BEGIN Data for processing

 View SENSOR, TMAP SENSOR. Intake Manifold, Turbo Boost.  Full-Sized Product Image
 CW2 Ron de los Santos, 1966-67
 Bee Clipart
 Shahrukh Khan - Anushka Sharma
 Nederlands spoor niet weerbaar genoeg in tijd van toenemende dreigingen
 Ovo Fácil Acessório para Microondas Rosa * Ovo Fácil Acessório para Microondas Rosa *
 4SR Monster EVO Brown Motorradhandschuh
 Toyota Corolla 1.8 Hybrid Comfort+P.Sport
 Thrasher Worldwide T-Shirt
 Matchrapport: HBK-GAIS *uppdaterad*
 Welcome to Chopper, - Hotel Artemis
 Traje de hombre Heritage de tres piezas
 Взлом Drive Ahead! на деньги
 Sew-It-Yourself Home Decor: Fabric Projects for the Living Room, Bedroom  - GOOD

END Data for processing

#### [Activity]
The range runs from the line above containing "Shahrukh Khan - Anushka Sharma" to the line containing "Matchrapport: HBK-GAIS *uppdaterad*", inclusive. Restate those lines word for word and no others.

#### [Expected answer]
 Shahrukh Khan - Anushka Sharma
 Nederlands spoor niet weerbaar genoeg in tijd van toenemende dreigingen
 Ovo Fácil Acessório para Microondas Rosa * Ovo Fácil Acessório para Microondas Rosa *
 4SR Monster EVO Brown Motorradhandschuh
 Toyota Corolla 1.8 Hybrid Comfort+P.Sport
 Thrasher Worldwide T-Shirt
 Matchrapport: HBK-GAIS *uppdaterad*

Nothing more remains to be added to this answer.